The journey below traces a single morning triage session that surfaces a role in need of attention.
👩💼
Jamie Reyes · Senior Recruiter, Tech
Managing 12 open roles · Airbnb HQ · 4 years recruiting
sutra · PM — Trust & Safety
sutra · PM — Trust & Safety · Internal (3)
sutra · Mia Tanaka · Candidate Packet
sutra · At Risk · 312 flagged
Journey · Hiring Manager
Scoped view, same intelligence
The HM sees only their own role instances. No At Risk tab. No churn scores. Otherwise the same
action band and candidate experience — designed so HMs get the context they need without accessing
sensitive personnel data that should stay with recruiting.
👨💻
Priya Sharma · Senior Director, Trust & Safety PM
Hiring for 1 open role · PM — Trust & Safety (L4)
sutra · PM — Trust & Safety · HM view
Non-negotiables
Design principles that must hold
These are product commitments, not preferences. Every design decision should be evaluated against them.
🔍
No hallucinations
Every AI output must be source-traceable. No inference is displayed without an auditable signal. Self-reported skills are always labeled as such.
🤝
Human in the loop
Sutra never takes autonomous action on a candidate. No auto-advance, no auto-reject, no auto-outreach. Every action requires a deliberate human click.
👁
Candidate transparency
Multi-role consideration is always disclosed on the candidate packet. Candidates see when they're being considered for more than one role.
✅
Validated over inferred
Skill validation status is always visible. Validated skills are visually distinguished from inferred ones. Decisions should weight validated signals heavily.
🔒
Churn is sensitive
Churn risk data is recruiter-only. It is never surfaced to hiring managers — doing so could create awkward dynamics or bias performance reviews.
♾️
Talent pools don't expire
Candidates in the pool remain indefinitely unless explicitly archived or opted out. The value of the talent graph compounds over time.
Discussion
Open questions for this prototype
These are the tensions this journey surfaces that need resolution before v1 scoping.
Q1
Does Sutra solve a workflow problem or a data problem — and does the recruiter experience reflect the right one?

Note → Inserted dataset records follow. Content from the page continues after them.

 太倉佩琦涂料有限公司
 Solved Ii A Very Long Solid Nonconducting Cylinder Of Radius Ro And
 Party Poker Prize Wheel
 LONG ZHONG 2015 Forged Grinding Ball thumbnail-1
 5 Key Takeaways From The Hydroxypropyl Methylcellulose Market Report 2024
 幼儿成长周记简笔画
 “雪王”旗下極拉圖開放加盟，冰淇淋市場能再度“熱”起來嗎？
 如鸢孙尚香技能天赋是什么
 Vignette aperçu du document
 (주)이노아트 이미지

The action band is workflow-oriented (what do I do next?). The At Risk tab is data-oriented (who might leave?). Are we trying to do both in v1, or should one be primary?
Q2
Will recruiters trust the AI match score enough to act on "Sutra Recommended" candidates?
A 75% threshold filters 847 applicants down to 7. If the recruiter doesn't trust the score methodology, the filter becomes noise rather than signal. How do we build trust in the score early?
Q3
How does the recruiter manage 312 at-risk employees without a severity ranking?
The current At Risk list is paginated but not urgency-sorted. A recruiter can't act on 312 people — they need a "most urgent this week" view. What signals determine urgency beyond churn score?
Q4
What happens to the action band when the offer is declined?
The current prototype surfaces an offer card and advises keeping other candidates warm. If Jordan Kim declines, the band should reset — but how does that state change get communicated back to Sutra from the ATS?
Q5
Is the HM experience differentiated enough to justify a separate view toggle?
The HM view currently removes At Risk access and churn chips. Is that the right level of differentiation — or should the HM experience have its own information architecture rather than a scoped version of the recruiter's?
Q6
Where does candidate consent and transparency actually live?
The spec calls for candidates to see when they're being considered for multiple roles. This is shown in the recruiter packet but there's no candidate-facing view in v1. What's the interim disclosure mechanism?